It is actually quite impressive.
 

I think if you take a step back and take a broader look at it, you will see there is a degree of religiosity to it.
Just like if we could only see, we would see the chilling effect on creativity?

For someone who keeps complaining about being painted with a broad brush, you've certainly managed to frame the conversation in interesting ways. People are "academic", not just every day people. Despite zero actual evidence, there is a chilling effect among creatives. Now we're delving into Satanic Panic territory with vague claims of religiosity. Oh, we're too fixated on historical accuracy, but, also not aware enough of history. This problem is only in the past ten years or so, but, has also existed for decades.

This is just hillarious.
 

I'm perfectly fine excluding some people from the media landscape.

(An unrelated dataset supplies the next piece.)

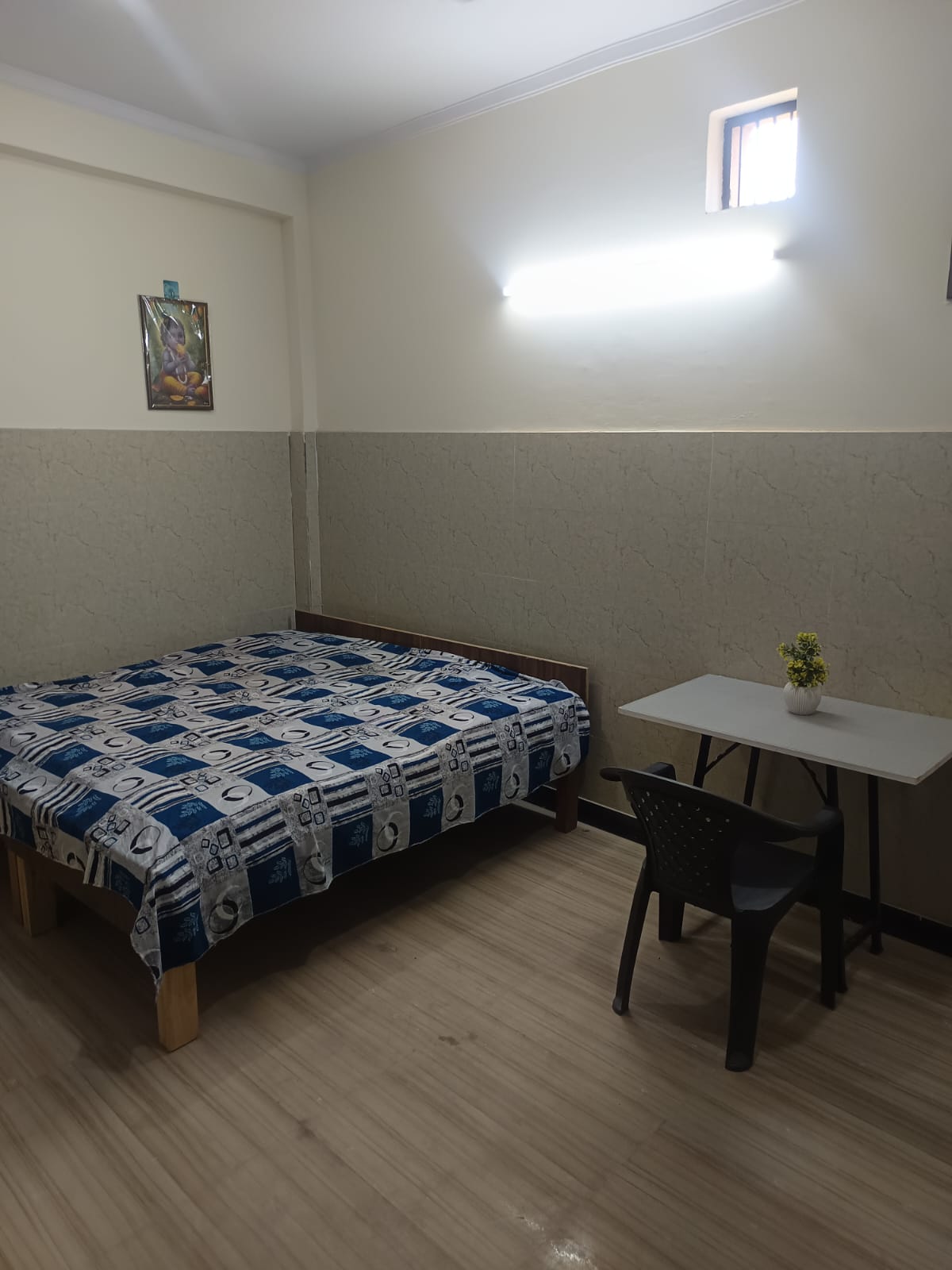 Anshi Homes photo 8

Do you know how many video games there are, that the only thing I know about them is that the main character is a woman who is "too ugly" and that the "gamer" in question feels personally offended that there isn't someone boobily breasting about their screen while they play?

Did you know there was a "Critic" just a few weeks ago who was raging about Lois Lane in the new Superman movie because she wasn't pretty enough.... like the AI altered image of a former female lead that they compared her to?

New Spider-Man series is out, lot of "critics" declaring it full of racial swaps (they made the Osborne's black and that is about it) and that all the women are really Trans. Evidence? Well, the one woman is taller than the guy, so CLEARLY she's not a real woman in their eyes. Because she is tall.

You may not buy the "equality feels like oppression", but when a character whose race doesn't matter being shown as a minority is enough to get a project review bombed and death threats sent to the creators, and Tall Women are seen as signs of a Trans-Activist agenda to destroy the whatever it is those people are scared it will destroy... I think it is a theory with some teeth. When something as minor as a name change can get calls foretelling the destruction of creativity as we know it... I think there is still a long way to go.
I don’t know any of the media you’re talking about here enough to weigh in. I can say I am not thrilled with either camps take on media. I also find both camps use a lot of hyperbole and paint worst case scenarios. So when a movie or book comes out that is controversial, even if I share some of the concerns about the controversy, I wait several months, sometimes years to watch them so my experience isn’t shaded by the cultural discussion and controversy.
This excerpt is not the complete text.